Site Ed. Note: The front page reports that Herman Talmadge, elected by the Georgia Legislature as Governor, had ordered the National Guard and State Highway Patrolmen to seize the Executive Department at the State Capitol and the Governor's Mansion. State Patrolmen prevented Governor Ellis Arnall from entering both the offices and the mansion. Governor Arnall referred to the seizure as being accomplished by "storm troopers" and that a military coup d'etat had transpired in Georgia.

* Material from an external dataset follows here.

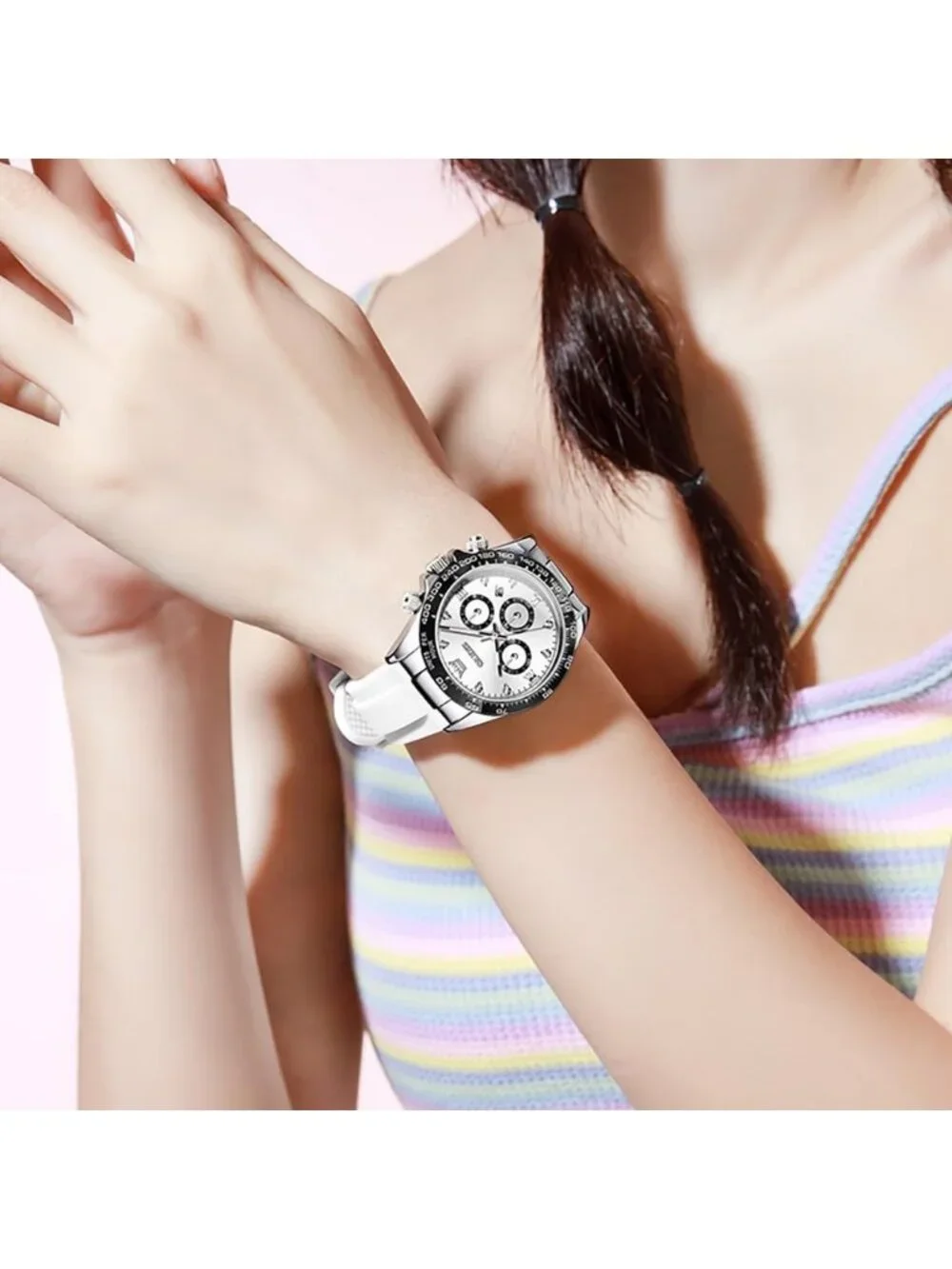 Women's White Black Stainless Steel Bracelet Waterproof Dress Analog Wrist Watch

The four State Patrolmen who blocked Mr. Arnall's entry to the Executive Mansion warned that they would use violence if necessary to prevent his access. He relented, saying, "I fear no man or any four men armed with revolvers, but merely through consideration to you, I shall not persist." He vowed, however, to continue his legal fight to teach them respect for law and order and the Constitution. And he would.

Governor Arnall established an office in the Capitol rotunda. He eschewed any military forces. He tried to re-enter his old office but was actively barred by Talmadge men from doing so. The Talmadge forces had removed the locks from the doors the previous night. Governor Arnall warned all department heads that until the matter of legitimate succession was settled in the courts, they acted at their peril unless accepting instructions from him.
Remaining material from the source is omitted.